The Lottery Summary
Author: Shirley Jackson
Published: 1948
Plot Summary
The story takes place in a small American village on a pleasant summer morning. The townspeople gather in the town square for their annual lottery, a tradition that has been carried out for generations.
Families draw slips of paper from a black box. At first, the event seems festive and ordinary, and the reader assumes that the lottery is a harmless community activity.
After the first drawing, the Hutchinson family is selected. A second drawing is then held among the members of that family. Tessie Hutchinson draws the marked slip.
As Tessie protests that the lottery is unfair, the true nature of the event is revealed: the winner of the lottery is not rewarded but stoned to death by the other villagers. Even Tessie's friends and family participate in the killing. The story ends with the villagers carrying out the ritual as they have done for years.
Main Themes
1. Blind Obedience to Tradition
- People continue the lottery simply because it has always been done.

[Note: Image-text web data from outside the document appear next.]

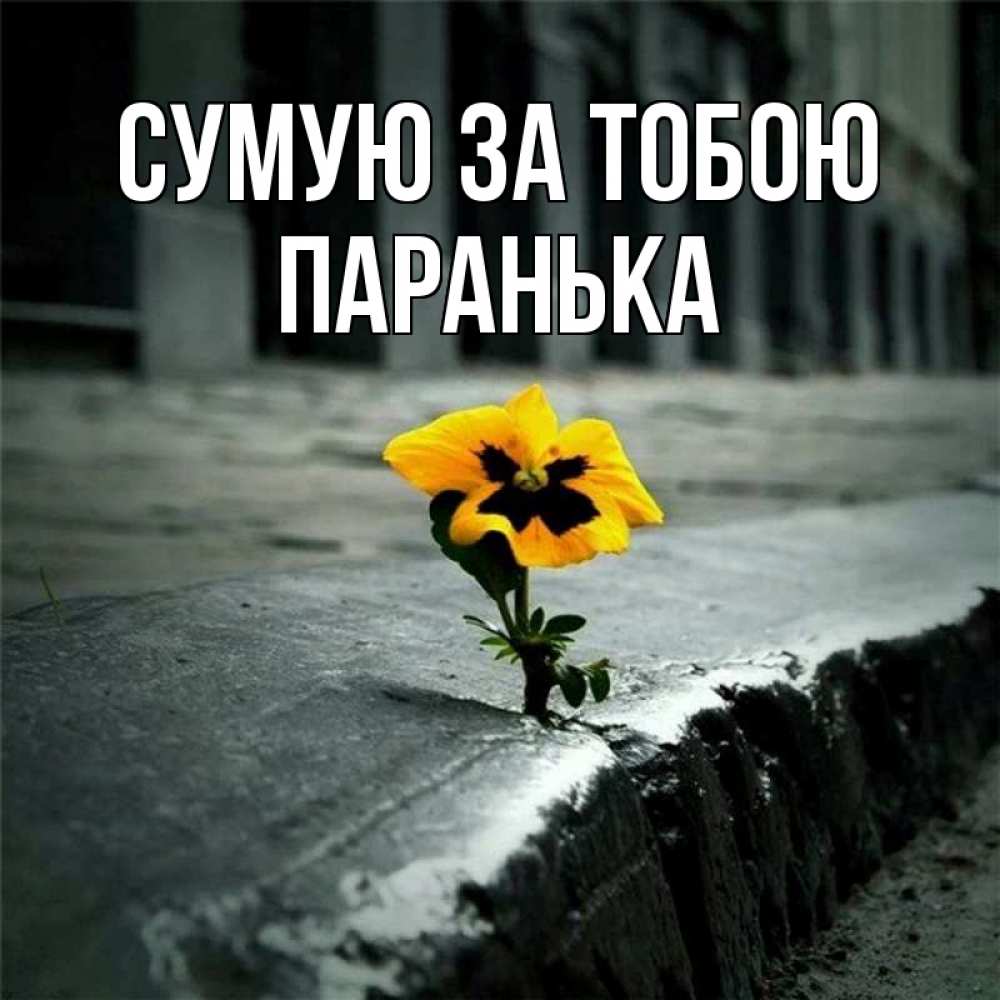 Открытка на каждый день з підписом, Паранька Сумую за тобою надеюсь будет лучше Прикольна листівка з побажанням онлайн скачати безкоштовно 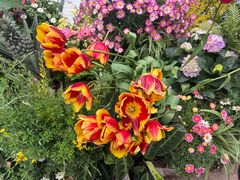 -家富足道·SPA·影院式(解放碑碑中心店)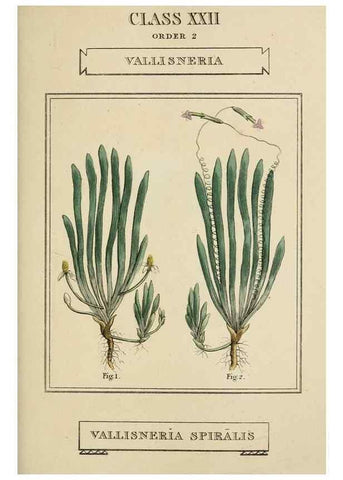 Reproducción/Reproduction 9900440336: Elements of the science of botany,. London,Printed by T. Bensley for J. Murray.1812.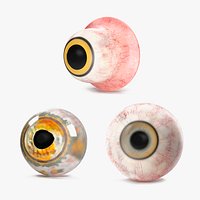 Realistic Animal Eyes Collection 2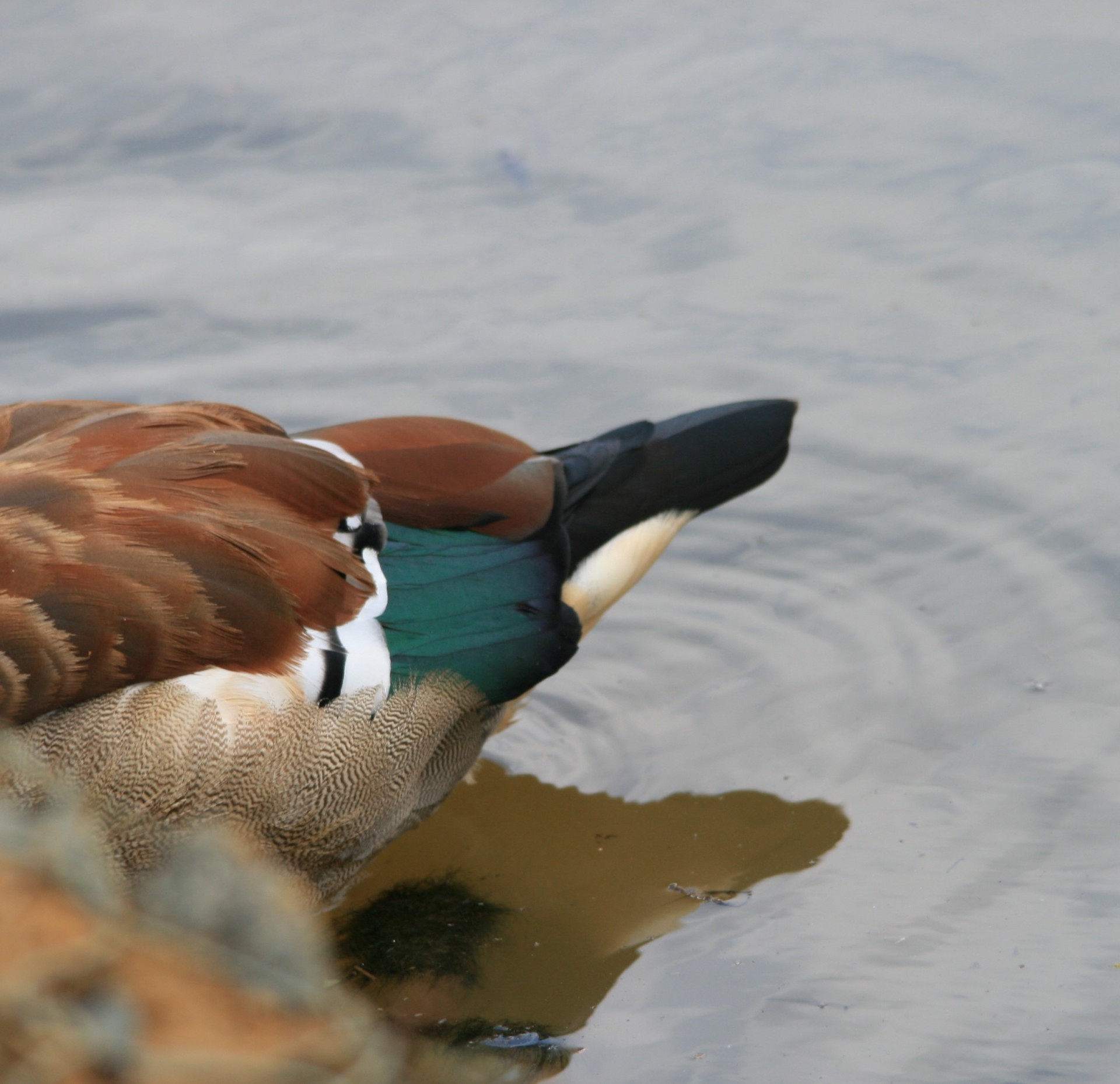 duck tail plumage free photo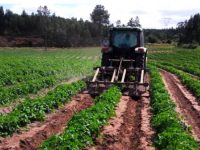 Confederação da Agricultura acusa Governo de esconder “grave crise” no setor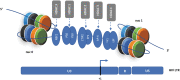 FIG. 1.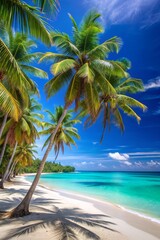 Obraz premium Sea beach with palm trees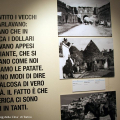 ...in America i dollari si trovavano appesi sulle piante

- Few remember its original purpose.
2. The Danger of Groupthink
- Ordinary people can commit cruel acts when following social norms.
- Individuals suppress their moral judgment to conform.

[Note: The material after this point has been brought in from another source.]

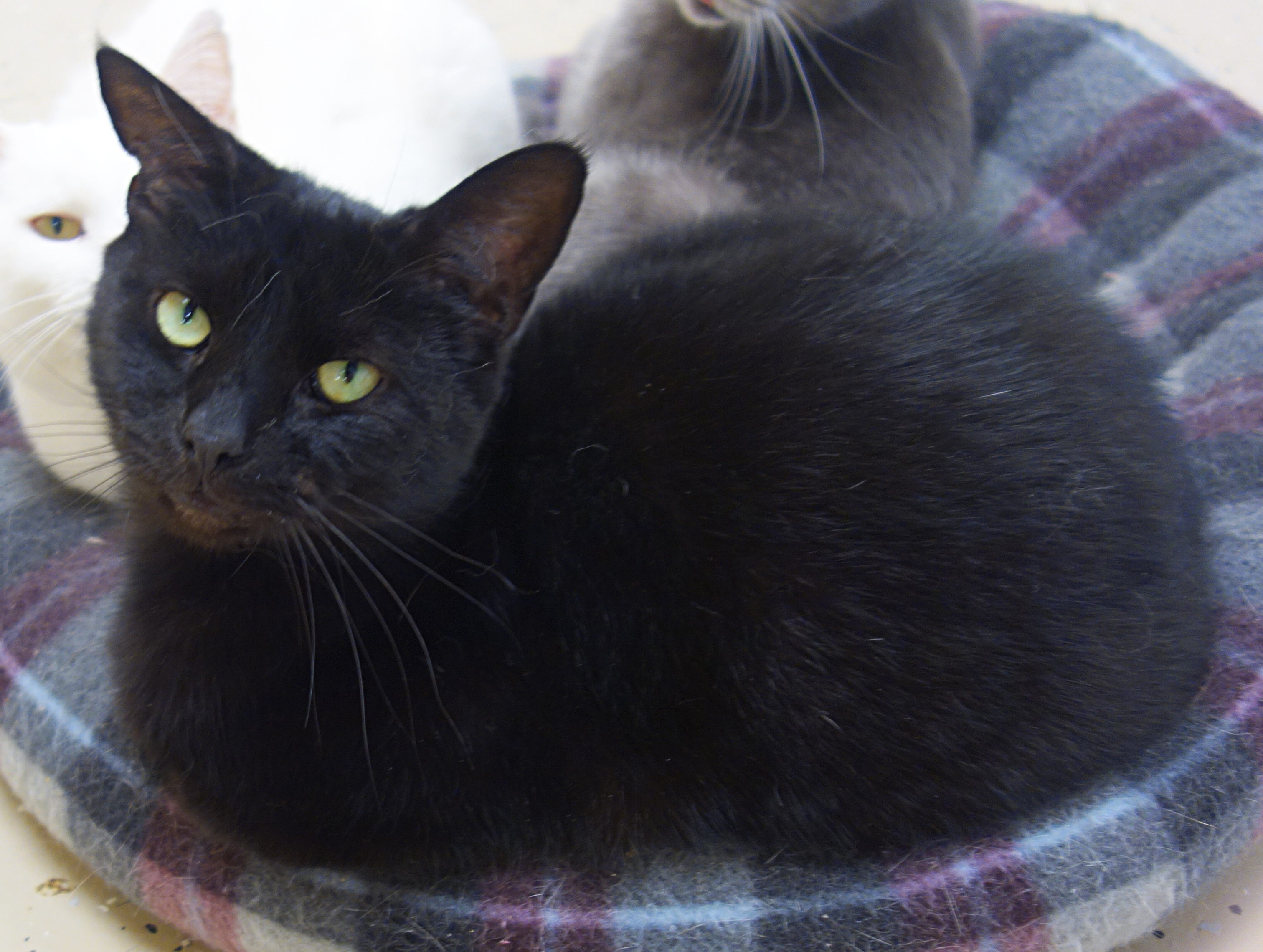 Indy, a Adoptable Domestic Short Hair in Gouldsboro, PA image 4/4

3. Violence Hidden Beneath Civilization
- The village appears peaceful and civilized.
- The story reveals how brutality can exist beneath a normal social surface.
4. Scapegoating
- One person is sacrificed for the supposed good of the community.
- The chosen victim bears the burden of a collective ritual.
Why the Story Is Famous
When it was first published in The New Yorker, readers were shocked and outraged because the story begins like a pleasant depiction of small-town life and ends with an act of horrific violence. The contrast makes its social criticism especially powerful.
Key Lesson
The story warns that traditions, customs, and social norms should be questioned rather than accepted blindly. A practice can be widely accepted and still be cruel, irrational, or unjust.
Memorable takeaway:
"The most dangerous traditions are often the ones nobody thinks to question."